▶ **EXERCISE OBJECTIVE**
Keep the lines exact and the pictures out as you repeat the following listing.

▶ **RECORDED INFORMATION**

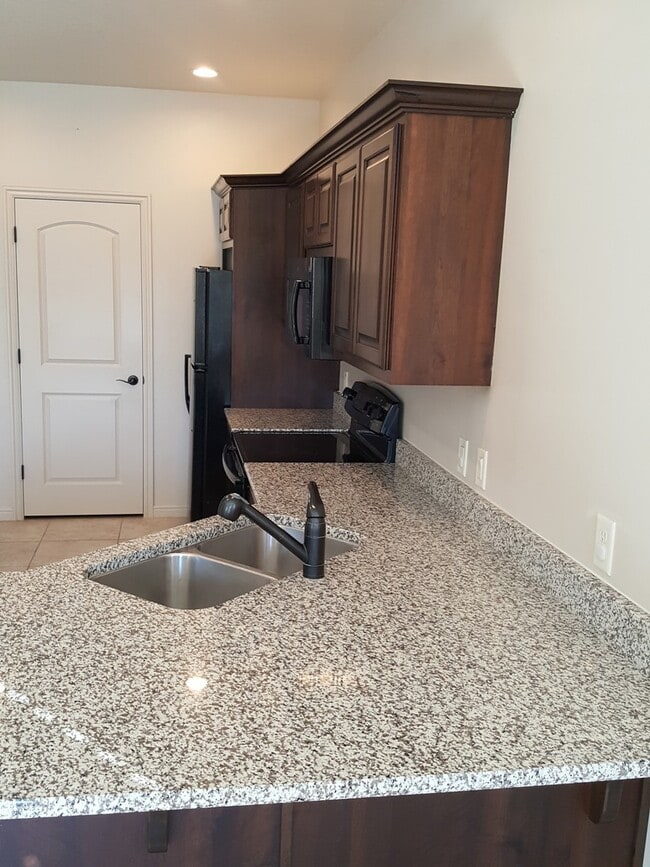 Building Photo - 3 Bedroom Townhome in Prime Washington Com...
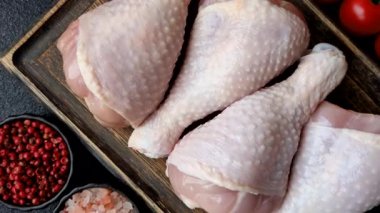 Çiğ tavuk bacağı, kemikteki tavuk eti barbekü için. Tavuk bacağı yemek arkaplanı.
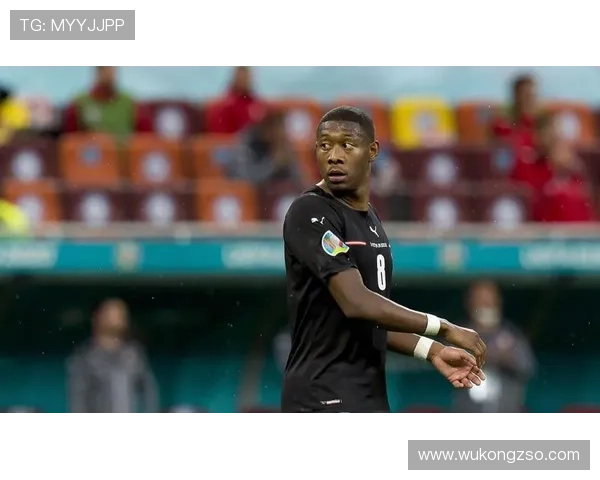 本赛季阿拉巴直塞撕防线较上季转为出球核促反击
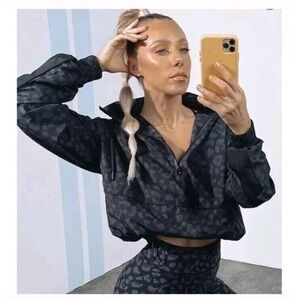 White Fox WFXSD Sarahs Day Black Grey Hooded Pullover Skylar Windbreaker Small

▶ **RESPONSE BELOW**
 Building Photo - 3 Bedroom Townhome in Prime Washington Com...
 Çiğ tavuk bacağı, kemikteki tavuk eti barbekü için. Tavuk bacağı yemek arkaplanı.
 本赛季阿拉巴直塞撕防线较上季转为出球核促反击
 White Fox WFXSD Sarahs Day Black Grey Hooded Pullover Skylar Windbreaker Small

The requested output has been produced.